Failure to perform adequately in compliance with your obligation, under the "implied consent" law, will result in a new charge being brought against you, called "refusal." A conviction for refusal carries a punishment including a 12 month loss of use of an operator's license in the Commonwealth of Virginia, without the ability to request a restricted license. In order for the "implied consent" law to apply in a case, the defendant must be the operator of a motor vehicle, commercial truck or motorcycle, who drives upon the highways and the Commonwealth of Virginia, and finds themselves arrested on the allegation of driving under the influence, within three hours of the time of their alleged offending behavior.
As stated, one of the essential elements to be established, before implied consent can apply, is that the vehicle was operated on a highway. Literally, the law defines a highway as "the entire width between the boundary lines of every way or place open to the use of the public for purposes of the vehicular travel in the Commonwealth, excluding the streets and alleys, and, for law enforcement purposes, i) the entire width between the boundary lines of all private roads or private streets that have been specifically designated "highways" by an ordinance adopted by the governing body of the county, city, or town in which such private roads were streets are located and ii) the entire width between the boundary lines of every way or place used for purposes of vehicular travel on any property owned, leased, or controlled by the United States government and located in the Commonwealth." (46.2 – 100) as you can see, the legislature has attempted to address obvious issues and conflicts between public and private roads.
The easily defined roadways are the interstates and marked state and county highways. Further, you will find that most subdivisions have privately developed roadways that are now maintained under the control of the local jurisdiction, to the extent to satisfy their application under the definition of highway. One of the last battlefields in this area remains to be fought over the question of when is a property private. Clearly, a person's private residence and property is not subject to this type of scrutiny, unless rising to an unusual level of nuisance or public policy concern. Rather, the defendant found to be in the operation of a motor vehicle and intoxicated, on the property of a shopping center or other similar private enterprise open to the public, is the one worthy of discussion. Thorough legal analysis requires some depth, in considering whether a piece of private property is open to the public for the purpose of vehicular traffic and to what degree that is open for such purpose. It is an answer still being developed in our courts.

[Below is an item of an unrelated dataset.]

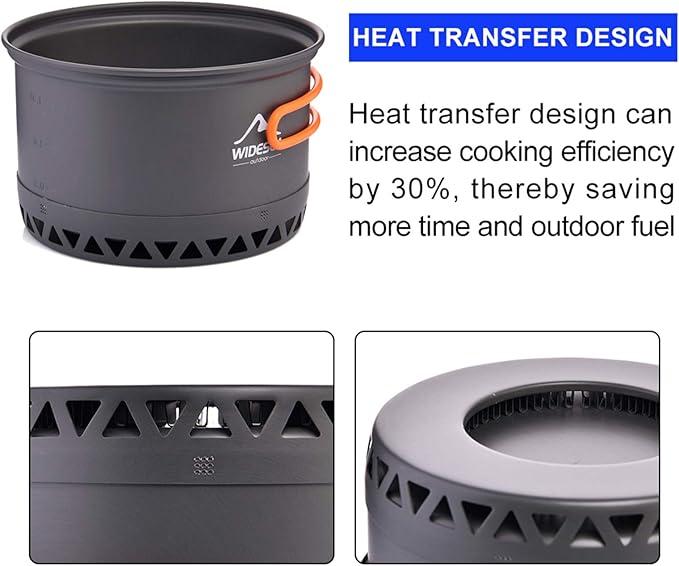 widesea Camping Cookware Outdoor Pot Pan Cooking Equipment Heat Exchange Design for Hiking Backpacking Travel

Anyone charged with driving under the influence, should strongly consider seeking the advice of a good local attorney. This consideration is enhanced if you have a factual issue in need of legal analysis, such as whether or not the defendant was actually operating his car. If not properly proven, a defendant not being subject to the implied consent law might be enough to win your case. It is in the defendant's best interest to fully understand the charge against him, the process in which he is involved, and the potential outcomes in his case. To do otherwise is to be careless with your future. The tolls from a DUI conviction that burdens the defendant, includes the costs to the defendant, both financially and with time; and, it is a conviction for a class I misdemeanor criminal offense.